Performance Analysis of Ambient RF Energy Harvesting with Repulsive Point Process Modeling

TL;DR

This paper analyzes the performance of ambient RF energy harvesting for battery-free wireless sensors using stochastic geometry, specifically modeling ambient sources with a repulsive point process to capture realistic spatial distributions.

Contribution

It introduces a novel analysis using Ginibre alpha-DPP to model ambient RF sources, deriving energy harvesting metrics and outage bounds for different receiver architectures.

Findings

Stronger source repulsion improves sensor energy harvesting efficiency.

Derived closed-form expressions for energy harvesting rate and variance.
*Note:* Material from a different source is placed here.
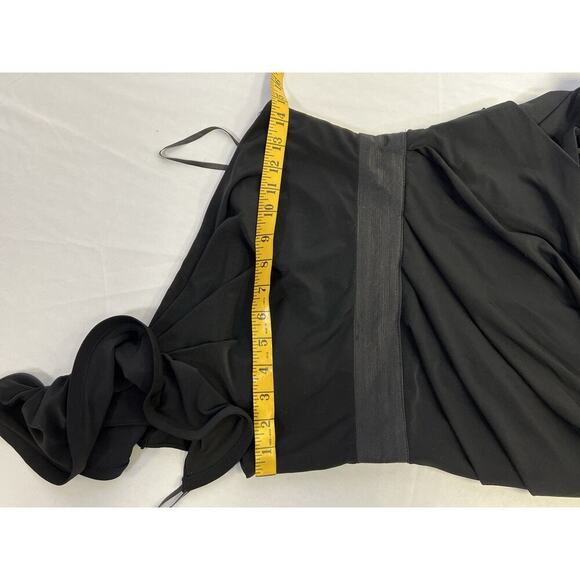 Phoebe Couture Womens Asymmetrical Black Long Gown Size 2 Formal Party Prom - Picture 14 of 16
Provided guidelines for optimal time-switching parameters.

Abstract

Ambient RF (Radio Frequency) energy harvesting technique has recently been proposed as a potential solution to provide proactive energy replenishment for wireless devices. This paper aims to analyze the performance of a battery-free wireless sensor powered by ambient RF energy harvesting using a stochastic geometry approach. Specifically, we consider the point-to-point uplink transmission of a wireless sensor in a stochastic geometry network, where ambient RF sources, such as mobile transmit devices, access points and base stations, are distributed as a Ginibre alpha-determinantal point process (DPP). The DPP is able to capture repulsion among points, and hence, it is more general than the Poisson point process (PPP). We analyze two common receiver architectures: separated receiver and time-switching architectures. For each architecture, we consider the scenarios with and without co-channel interference for information transmission. We derive the expectation of the RF energy harvesting rate in closed form and also compute its variance. Moreover, we perform a worst-case study which derives the upper bound of both power and transmission outage probabilities. Additionally, we provide guidelines on the setting of optimal time-switching coefficient in the case of the time-switching architecture. Numerical results verify the correctness of the analysis and show various tradeoffs between parameter setting. Lastly, we prove that the sensor is more efficient when the distribution of the ambient sources exhibits stronger repulsion.